I liked the rebuttal but it still left me wondering how well their results generalize. They focused on a single model1, which represents a small fraction of the LLMs powering applications in production today. Open-weight models offer more flexibility on how to structure your output, such as letting users specify regex expressions to constrain the output. Proprietary models lack this. Right now, JSON is the only structured output format guaranteed to work across most popular providers.
Given this constraint, would the .txt team’s results still hold?
Plus, both the original study and the rebuttal focused on tasks that might not be a good proxy for the full range of tasks people use LLMs for. Would the rebuttal results be different in settings outside of simple reasoning tasks?
So I decided to:
- Replicate the results from .txt’s rebuttal using LLaMA3-8B-Instruct.
- Replicate the same tasks using a proprietary model GPT-4o-mini.
- Test results on a broader set of tasks such as LiveBench.
This article presents the results of the first two steps. All the code is available on Github.
Results
If you’re short on time, here are the key findings:
- Tam et al.’s conclusions about structured outputs might still hold, even if they did not properly test for it. There are tasks where structured outputs perform worse than unstructured ones.

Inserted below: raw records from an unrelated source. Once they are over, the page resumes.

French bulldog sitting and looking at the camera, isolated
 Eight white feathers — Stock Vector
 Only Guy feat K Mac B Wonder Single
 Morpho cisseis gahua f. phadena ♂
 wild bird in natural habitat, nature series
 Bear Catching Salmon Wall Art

- .txt’s rebuttal is accurate. It shows that structured outputs are as good or better than unstructured outputs for LLaMA3-8B-Instruct in the tasks considered. But a similar approach did not hold for GPT-4o-mini (and possibly other models).
The figure below shows the results for GPT-4o-mini using .txt’s prompt fixes, along with additional improvements I made.
For GSM8K and Last Letter, structured and unstructured methods scored similarly. But for Shuffled Objects, unstructured outputs clearly surpassed a structured format.
The rest of the article will explain the approach I took to get these results.
Study design
Tam et al. evaluated structured and unstructured outputs across three reasoning tasks and six classification tasks. They used exact match to evaluate the reasoning tasks and accuracy to evaluate the classification tasks. They ran the experiments using the following models:
- Proprietary models: gpt-3.5-turbo-0125, claude-3-haiku-20240307, gemini-1.5-flash, and gpt-4o-mini-2024-07-18.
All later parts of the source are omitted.